Problem description: A partial copy is required: transcribe exactly the lines from the one containing "china ii loveste pe americani cu turistii" through the last line below, without any pictures.
____ Data
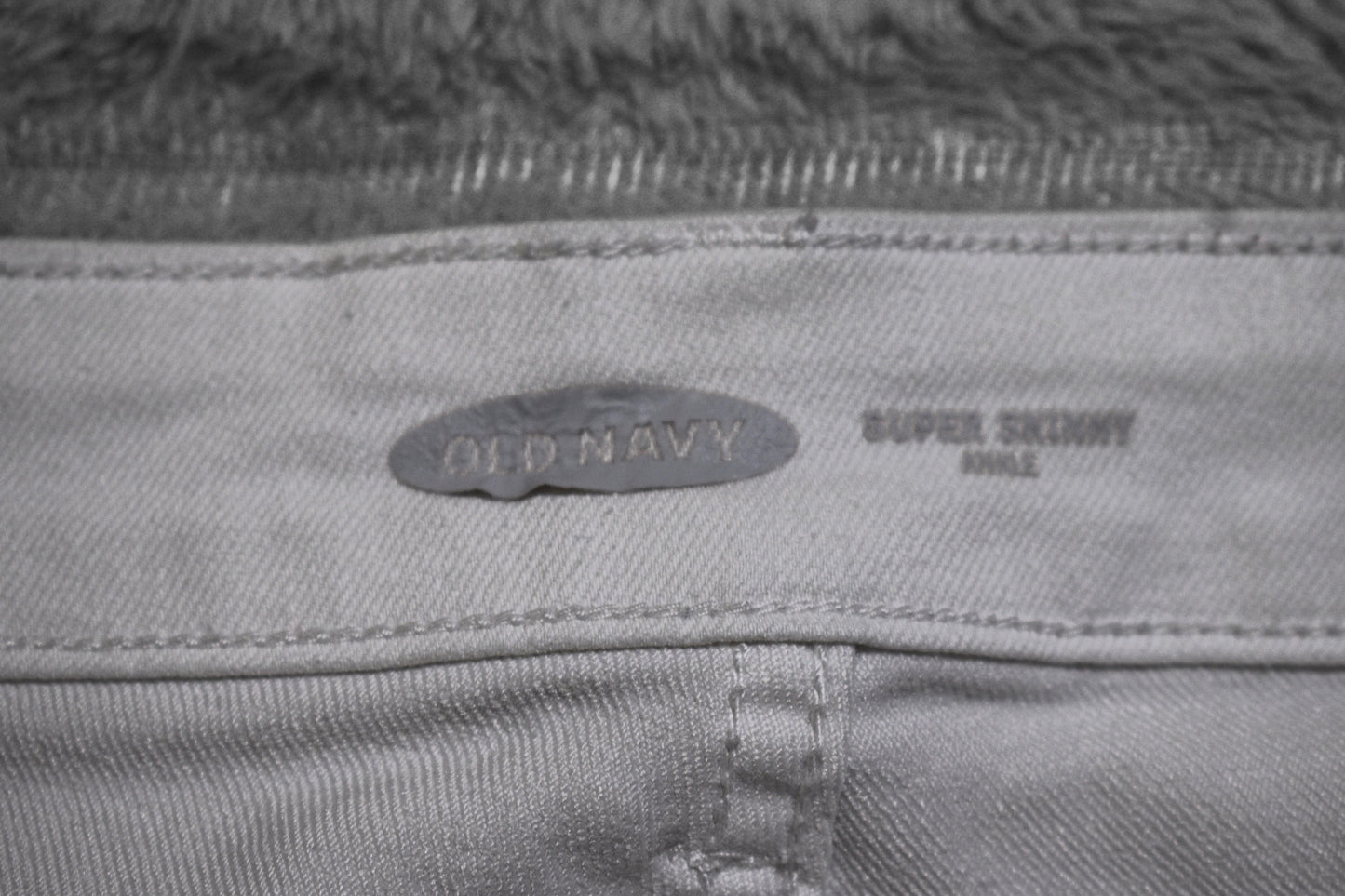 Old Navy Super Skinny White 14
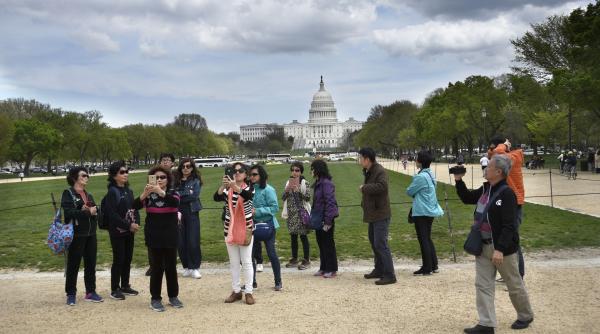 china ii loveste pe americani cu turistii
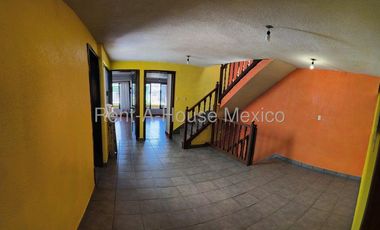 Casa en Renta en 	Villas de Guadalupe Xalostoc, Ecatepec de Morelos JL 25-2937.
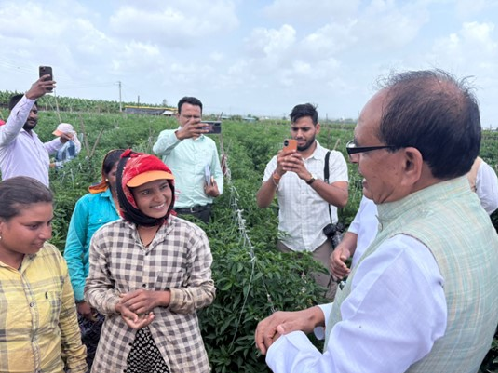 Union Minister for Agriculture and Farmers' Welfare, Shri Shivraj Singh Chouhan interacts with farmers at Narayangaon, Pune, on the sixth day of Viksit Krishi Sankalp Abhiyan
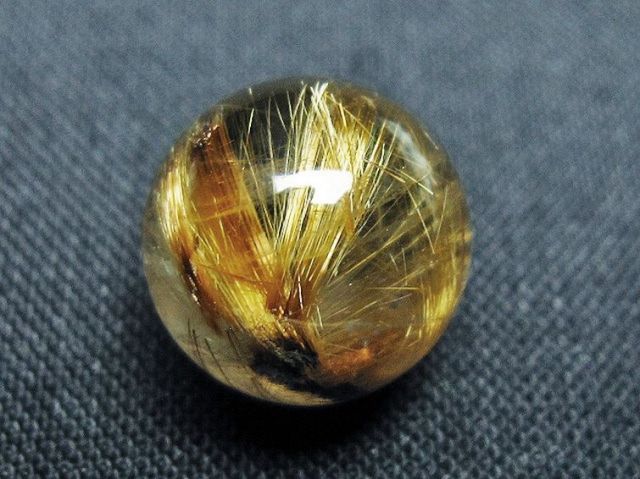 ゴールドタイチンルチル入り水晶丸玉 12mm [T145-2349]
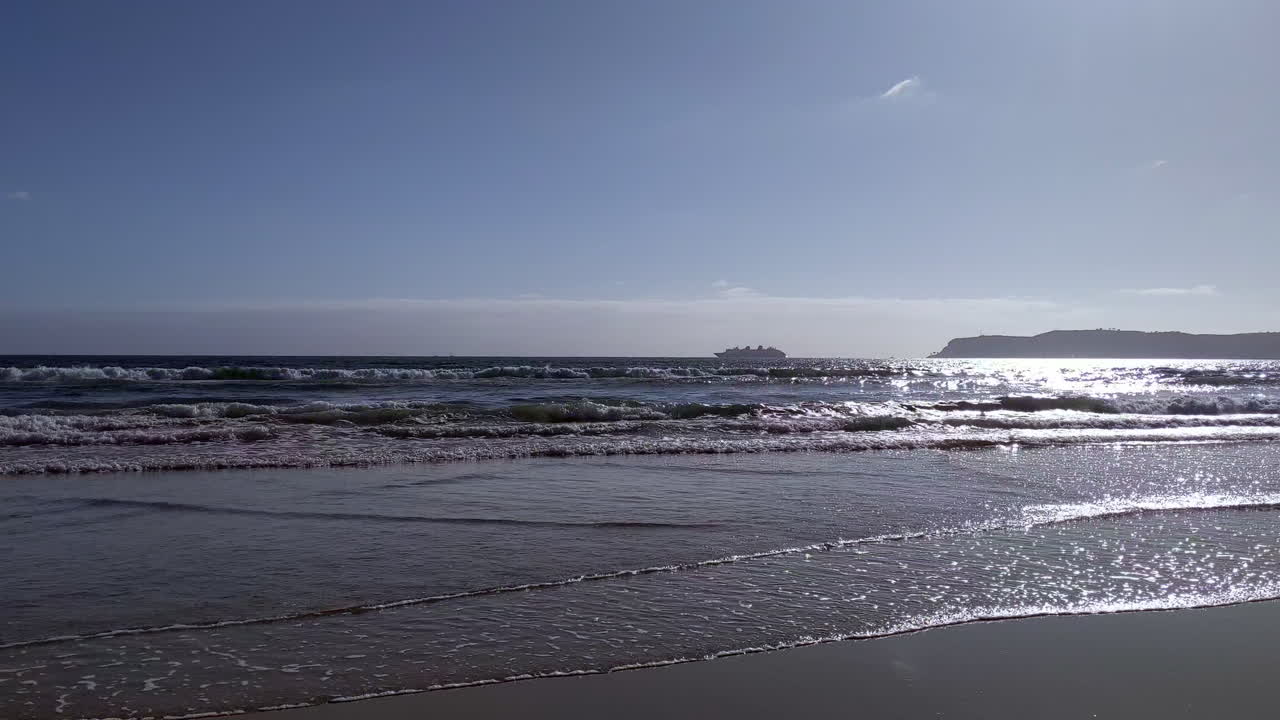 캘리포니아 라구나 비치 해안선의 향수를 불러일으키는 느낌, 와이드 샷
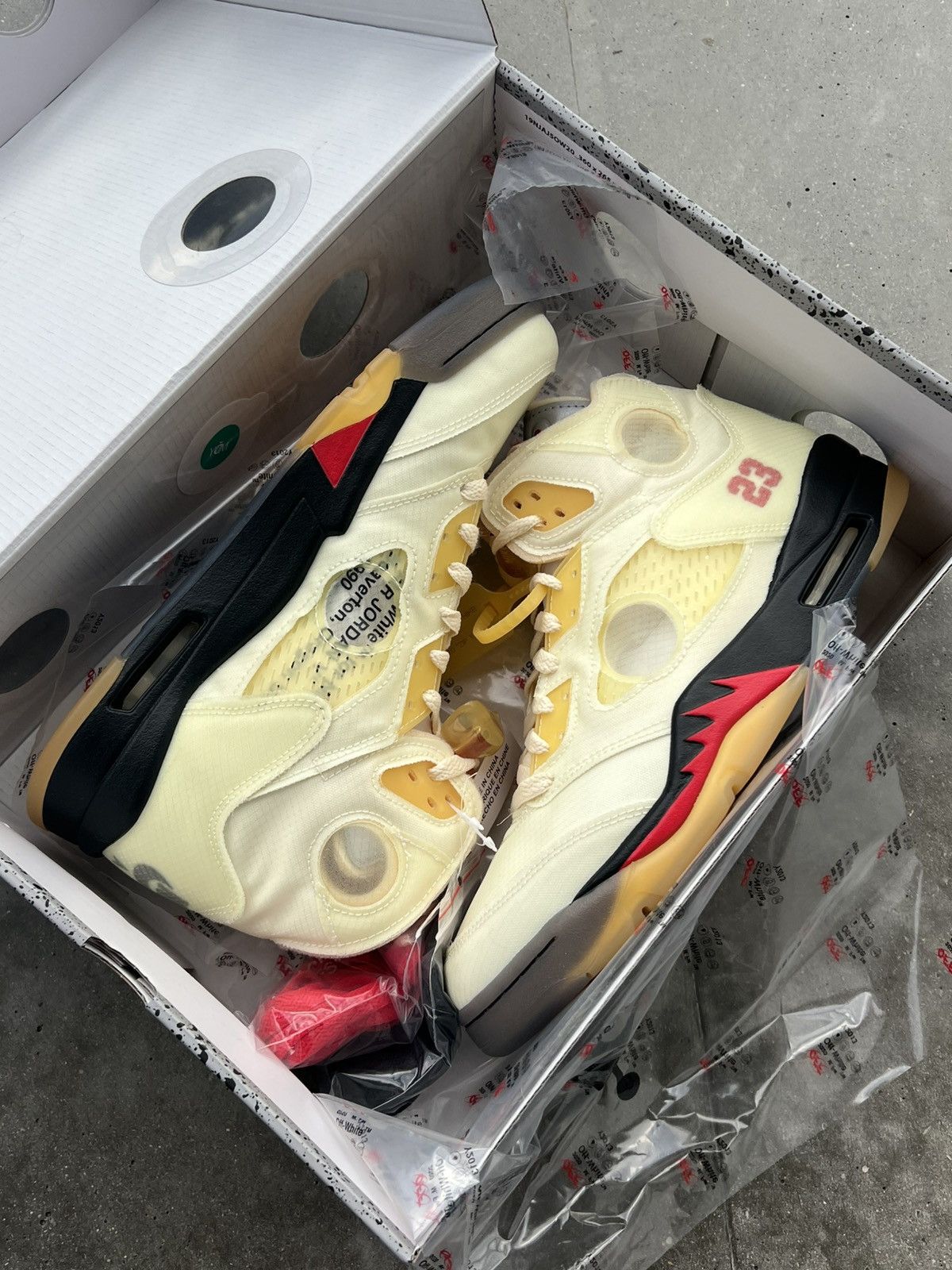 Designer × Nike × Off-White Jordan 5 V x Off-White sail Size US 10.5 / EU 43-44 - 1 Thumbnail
________
Answer to the problem:
 china ii loveste pe americani cu turistii
 Casa en Renta en 	Villas de Guadalupe Xalostoc, Ecatepec de Morelos JL 25-2937.
 Union Minister for Agriculture and Farmers' Welfare, Shri Shivraj Singh Chouhan interacts with farmers at Narayangaon, Pune, on the sixth day of Viksit Krishi Sankalp Abhiyan
 ゴールドタイチンルチル入り水晶丸玉 12mm [T145-2349]
 캘리포니아 라구나 비치 해안선의 향수를 불러일으키는 느낌, 와이드 샷
 Designer × Nike × Off-White Jordan 5 V x Off-White sail Size US 10.5 / EU 43-44 - 1 Thumbnail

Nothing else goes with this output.